Ladies, gentlemen, good morning, everybody. Welcome to the results presentation for the first quarter of 2026. Thank you for dialing in. With me here is Tim Brückner, CFO, Adrijana Glibic, our Head of HR, and a couple of other members of our team sitting in the room. Roughly two months ago, we presented our annual report. Today, at the close of the first quarter of 2026, I can report that our business is roughly progressing in line with plan despite ongoing macroeconomic headwinds, which we are all familiar with. Annualized contractual rent is down primarily caused by disposals and the higher vacancy level. I will get to that in more detail later on. Meanwhile, both our Net LTV and cost of debt declined slightly over the first three months of the year. On the transaction side, we continue to execute selected transactions.
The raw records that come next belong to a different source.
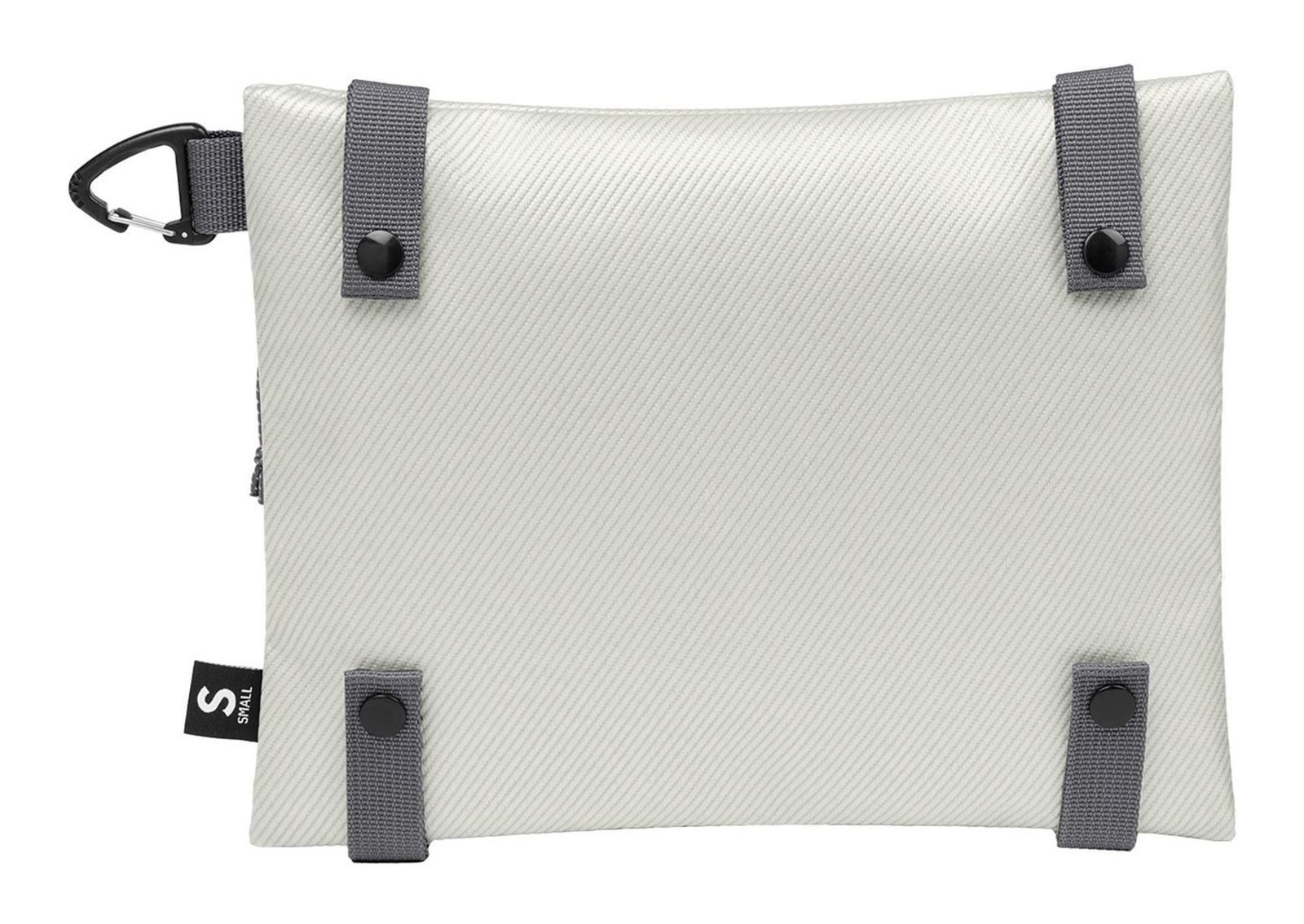 Eagle Creek Packsack Pack-It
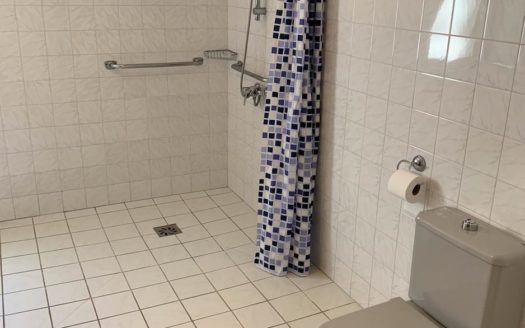 4 bedrooms Villa in Beachside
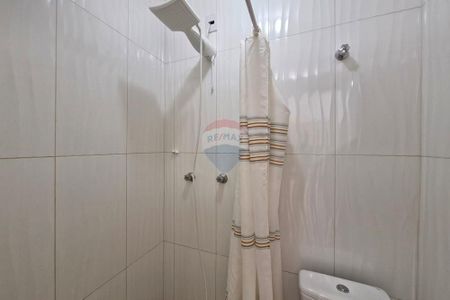 11_photo/94b9bf5595.05acccb2dbb53537-ATLAS-609225d5-f26e-4c5e-8551-bd8dbca93e43.jpg de casa à venda com 1 quarto, 140m² em Parque Industrial Lagoinha, Ribeirão Preto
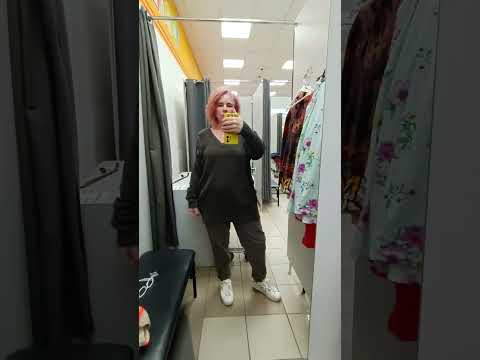 Видео: #секондхенд #тысячабрендов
We have sold two properties with total proceeds of EUR 17.5 million. During the quarter, we also streamlined the management structure, reducing the management board from three to two members and reallocating the responsibilities accordingly. These are kind of the highlights in the exec summary. Let's jump straight into the details, starting with page seven. Where I'll briefly walk you through the development of the key metrics. On the left-hand side, as you can see, the reduced asset base is reflected in our key operating metrics. Annualized contractual rent decreased from EUR 56.4 million at year-end 2025 to EUR 45.7 million at the end of the first quarter this year. Decline mainly driven by the disposals we did in 2025, as well as the higher vacancy level, which I already mentioned.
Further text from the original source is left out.